Vulnerability of road bridge infrastructure under extreme flood events — ASN Events

Vulnerability of road bridge infrastructure under extreme flood events (#67)

Sujeeva Setunge 1 , Weena Lokuge 2
  1. RMIT University, Melbourne, VIC, Australia
  2. Civil and Environmental Engineering, University of Southern Queensland, Toowoomba, Qld, Australia

Road network and critical road structures such as bridges, culverts and floodways have a vital role before, during and after extreme events to reduce the vulnerability of the community being served. Understanding the resilience of existing structures to known natural hazards empowers the road authorities in risk mitigation and emergency management. Major resources available to researchers to address the complex problem include the recent case studies of extreme events where failures of infrastructure and resultant impact on community have been captured by some road authorities. For example, 2010-2011 floods in Queensland, Australia, had a huge impact particularly on central and southern Queensland resulting in the state owned properties such as 9170 km road network, 4748 km rail network, 89 severely damaged bridges and culverts, 411 schools and 138 national parks.

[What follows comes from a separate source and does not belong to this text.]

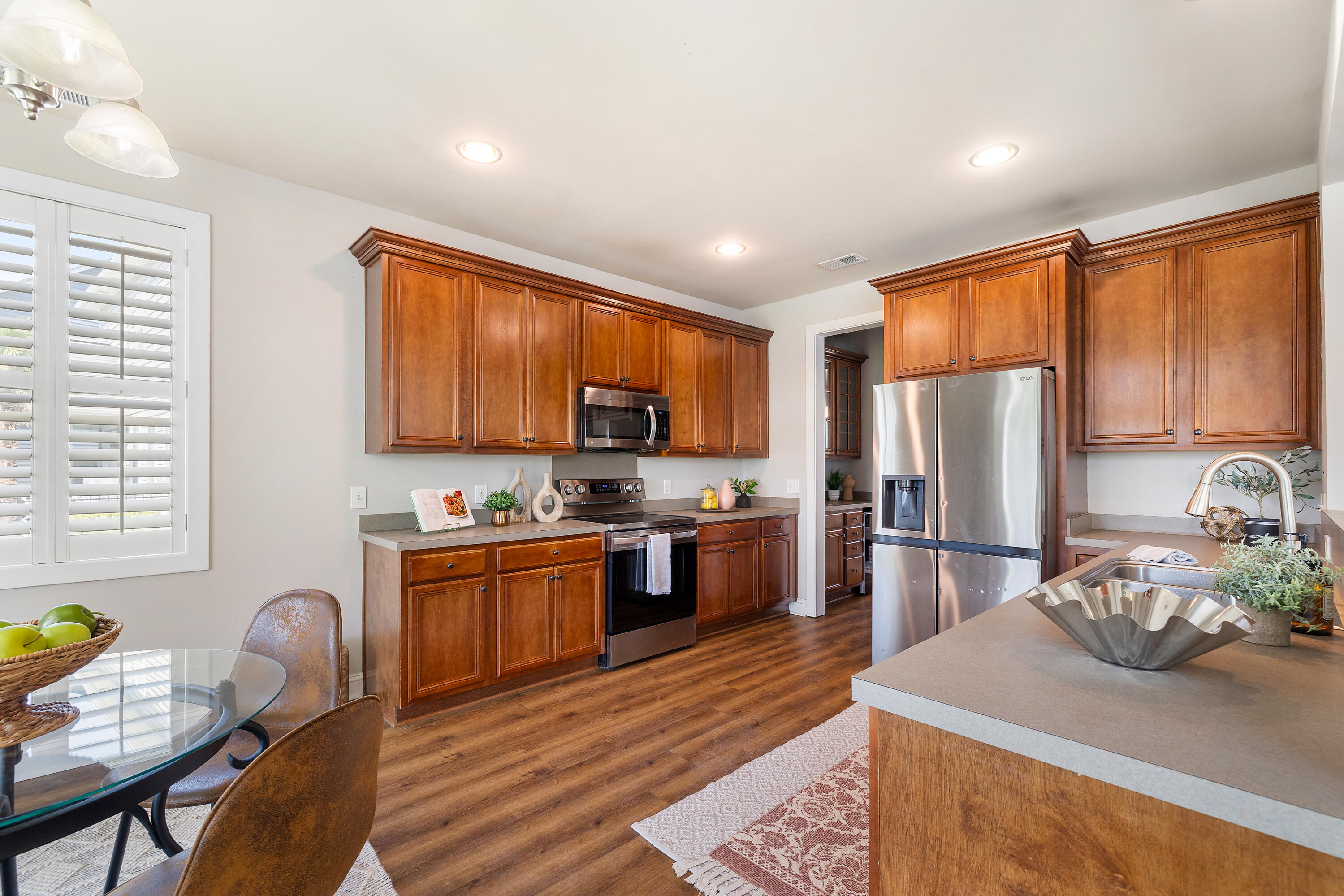 123 Gaslight Boulevard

The paper presents a detailed analysis of the case study of 2013 floods in Lockyer valley region in Australia to identify the critical failure mechanisms of road bridge structures exposed to flood events. In the region, 43 out 46 bridges were damaged due to the 2013 flood. Major failure mechanisms of bridge structures have been identified as scouring of abutments and piers, damage to bridge decks due to urban debris impact and severe damages to bridge approach ramps. A subsequent analysis of the current design standards for bridge structures indicated the possible gaps in design practices which may have led to the observed failures. A methodology of quantifying the vulnerability of bridge structures has been identified through a detailed analysis of the case studies and an extensive review of published research. Application of the methodology is demonstrated using the Queensland case study.